It must be the lockdown that caused me to make such an egregious mistake. In the regular old days it would have been a given that we would go out for two meals on Father’s Day. I guess I just got used to eating at home, so I didn’t plan lunch out. We had plans for a big Father’s Day dinner at Galatoire’s that evening, so I made Tom a big omelet for breakfast, thinking we’d be home for lunch.

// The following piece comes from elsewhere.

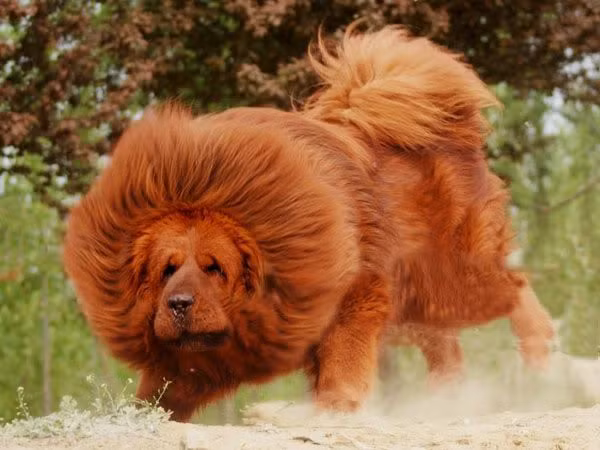 Theo bác sĩ Cung, dây thần kinh và cơ bắp của Khang Khang đã bị đứt, ca phẫu thuật kéo dài gần 6 tiếng đồng hồ, các dây thần kinh chính, các cơ, gân và xương bị đứt đã được nối lại, máu lưu thông ở phần chi được cấy lại vẫn tốt nhưng vẫn cần theo dõi thêm tại phòng chăm sóc đặc biệt.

About midday I offered a little snack at Steak & Shake, a place Tom likes that is closing a lot of locations across the country. This didn’t sound appealing to him so I defaulted to a regular Sunday spot, Oxlot 9. Our spontaneity usually gets us into trouble here. They are always busy. This time I actually called ahead but no one answered. We live mere minutes away, so we just went. As usual, they were full. Fate was with us though, and a table was getting up. For once there wasn’t a reservation waiting for it. They sat us and we commenced a gourmet brunch squeezed in before dinner.

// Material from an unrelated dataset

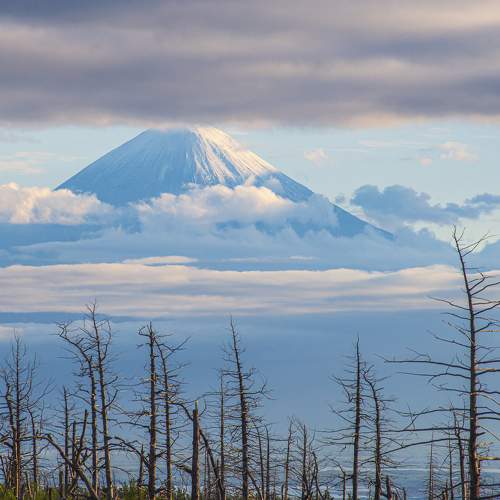 Photo #8976153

Tom got right to it, ordering a drink he found unfamiliar, a Rye, which was beautifully presented with a lemon wheel and a tall sprig of fresh oregano.
Tom started ordering immediately, chargrilled oysters that, on sight were not local. I didn’t like the way they looked, but the smell got me. A hint of tarragon made me dip a finger in the butter-colored cream sauce with green bits of herbs, presumably tarragon. This was terrific! Unique. Irresistible. There were two perfectly square pieces of focaccia served with it, and it was the perfect bread with the proper heft to mop this up. The oysters were tiny, which I liked. Big mouthful meaty oysters are unappetizing to me. These tiny ones were just great.The next time I see Murder Point oysters on a menu, I will order them.

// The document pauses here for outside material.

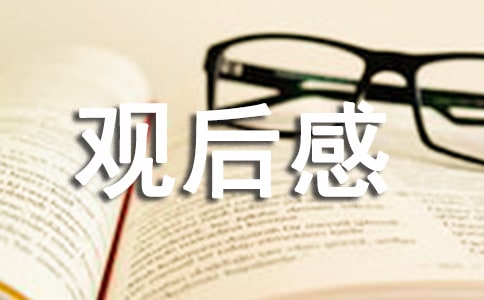 一诺倾情的观后感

For some odd reason, Tom remembered the beignets here and ordered some of those, so at one point there were chargrilled oysters on the table accompanied by beignets. An odd combination, especially when both items were for one person.
Tom followed these two starters with his usual frittata, but this time crawfish instead of crab meat. I passed on the Crabcakes Benedict in favor of Poutine with roast beef debris. And Mary Leigh got what I would have gotten, just a biscuit. This is my favorite traditional biscuit anywhere. It’s large and dense and usually perfectly crusted on tip. Flaky. It is served with soft butter and fruit compote. It was less done than usual, but still great.
The poutine was a pile of fresh cut fries covered in cheese and gravy with shaved roast beef and a poached egg on top. These are also some of our favorite fresh cut fries, but the last time I had this the roast beef was more of a debris, which I preferred. What could be wrong with roast beef, gravy, cheese and fries in any configuration?
The frittata was piled high with arugula, sitting on a cheesy crusty, and fluffy mixture of baked eggs studded with lots of crawfish. This is consistently delicious, and one of the favorites for us on this favorite menu.
This menu is such a favorite we’ve pretty much worked our way all through it. There are no real disappointments. As I looked around the beautiful dining room, I’ve finally concluded that this place rates at the very top of my favorite restaurants anywhere. People always ask us what our favorite restaurants are. For Tom that’s easy: Antoine’s. For me also easy: Bottega Louie in Los Angeles is my favorite restaurant in the world. This one is not far behind.